## RECORDS SHOWN
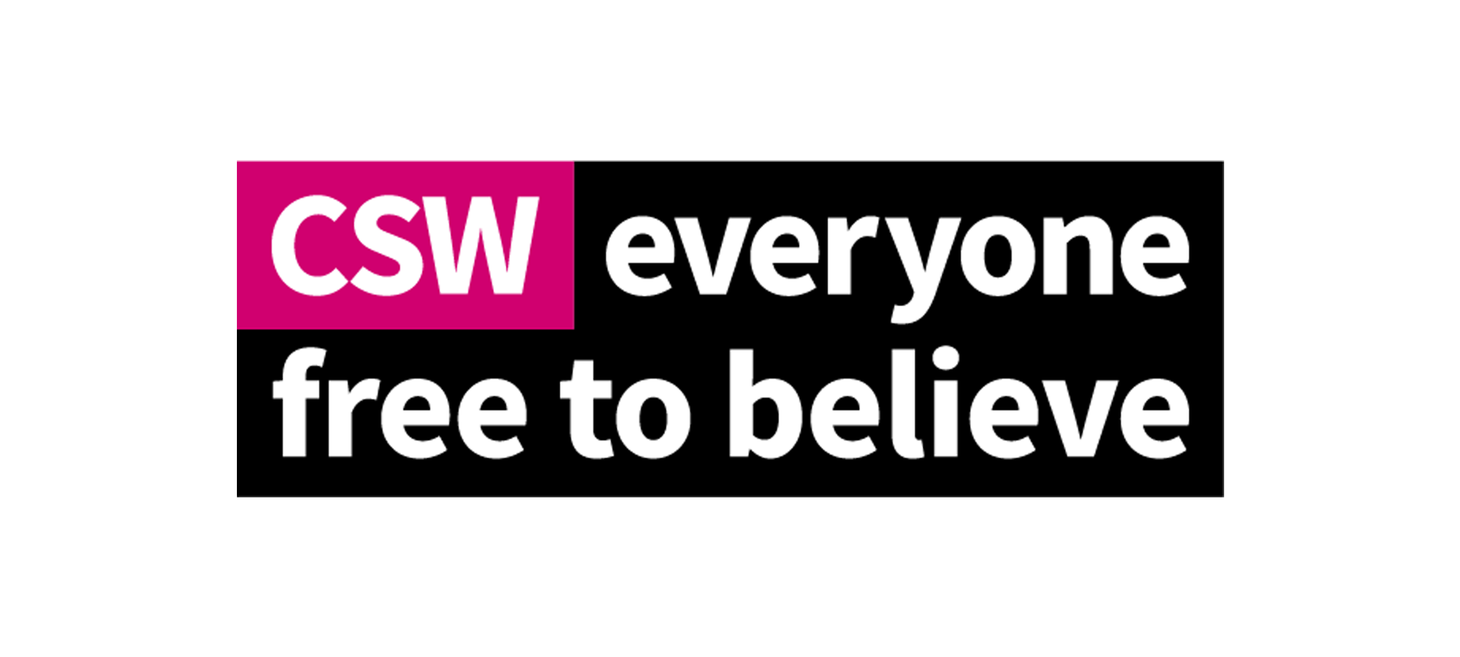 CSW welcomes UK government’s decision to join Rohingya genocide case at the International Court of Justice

* * *

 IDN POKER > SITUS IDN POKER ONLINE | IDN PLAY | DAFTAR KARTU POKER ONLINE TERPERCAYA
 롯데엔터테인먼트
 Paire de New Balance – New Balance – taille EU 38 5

## TASK GOAL
The expected answer is an exact copy of the lines above, beginning at the line with "IDN POKER >" and ending at the line with "Paire de New", with both ends in.

## REPLY
 IDN POKER > SITUS IDN POKER ONLINE | IDN PLAY | DAFTAR KARTU POKER ONLINE TERPERCAYA
 롯데엔터테인먼트
 Paire de New Balance – New Balance – taille EU 38 5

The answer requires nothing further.